The latest film from Dove stars a cast of powerful, transcendent women. Among them are Heather Hardy, who was once told she was too pretty to enter the boxing ring but rose the ranks to become a Golden Gloves champion, among other things. There's also Jessica Torres, a young woman who loved fashion as a little girl but was criticized for being too big to wear cool clothes. Yet she went on to start her own fashion blog Tiny Red Shoes. And there's Rain Dove, who was once ridiculed for her overly "masculine" looks, but is now one of the fashion world's hottest androgynous models.
All the stars in the film are examples of women undaunted by hurdles resulting from societal assumptions about female beauty. And, with the new campaign, Dove is hoping they will encourage others to take a stand against unwarranted notions of beauty that get in the way of women's dreams. The campaign encourages other females who have overcome their own such obstacles by sharing their stories with the campaign's hashtag "#MyBeautyMySay."
The insight that informed this film came out of Dove's recent study, "Dove: The Global Beauty Confidence Report," which found that 7 in 10 women get more compliments about their appearance versus their professional achievements, and that 8 in 10 women in the States believe that the most beautiful women are those who "make the most of what they have," not those who are born with the most.

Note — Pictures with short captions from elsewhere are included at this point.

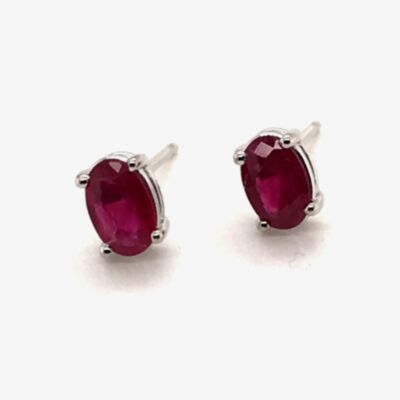 Gold Impression 9ct White Gold 1.14ct Oval Cut Ruby Stud Earrings WWW782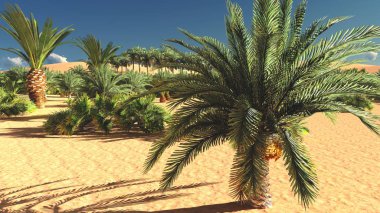 Güzel doğal arka plan. -Afrika vahası 3D görüntüleme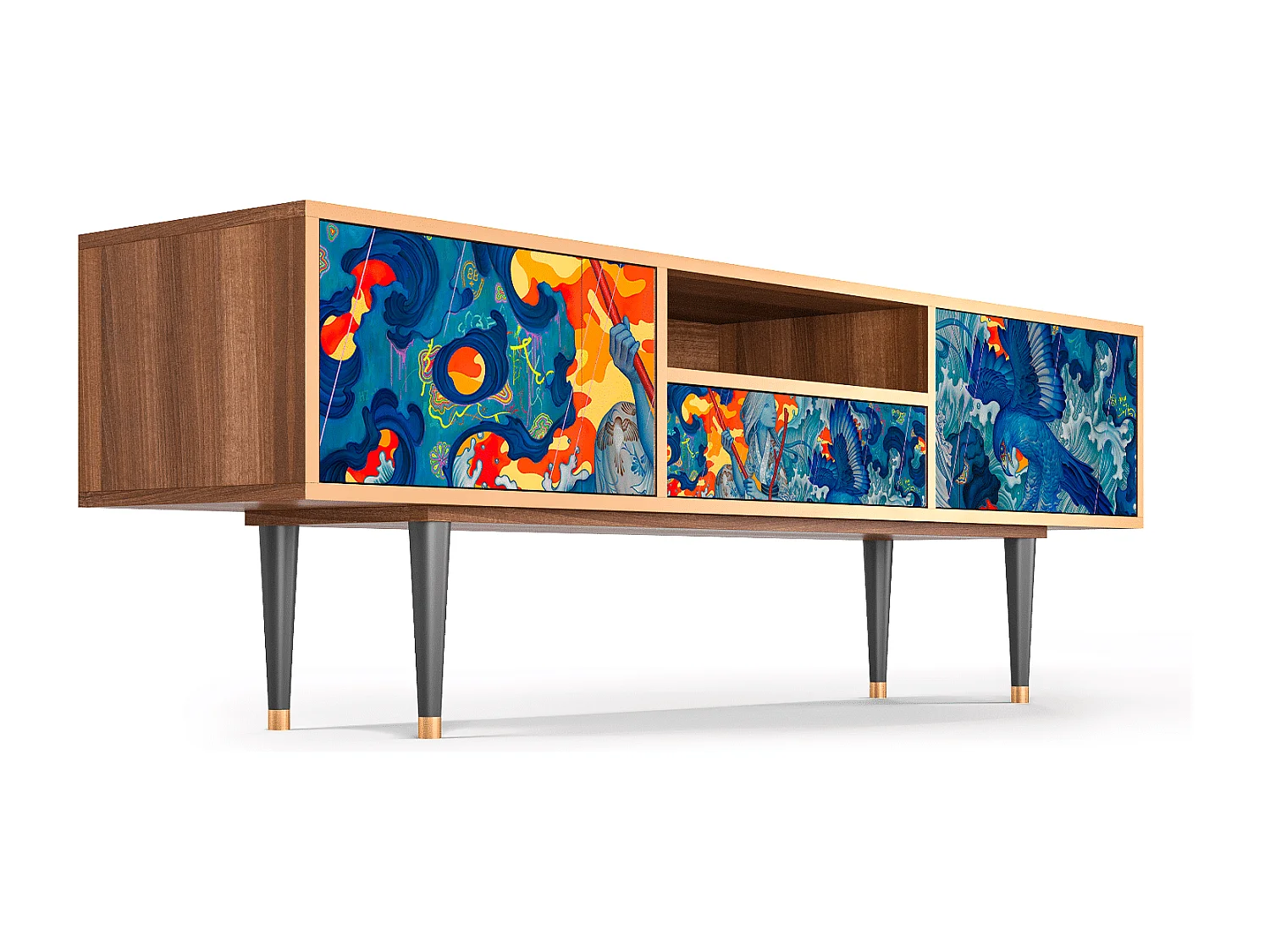 Mueble de TV - 170х59х41 cm - T6 - The Girl - James Jean, Nogal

"Somewhere along the way, it has become the norm to judge women based on their appearance," said Dove Director of Marketing Jennifer Bremner in a statement. "Dove created #MyBeautyMySay because we believe a woman's beauty should not be used to belittle her achievements -- instead, her beauty should be celebrated on her terms. We want women to challenge this behavior that has unfortunately become commonplace in our society. We are giving all women a platform to speak out and join us to change the conversation."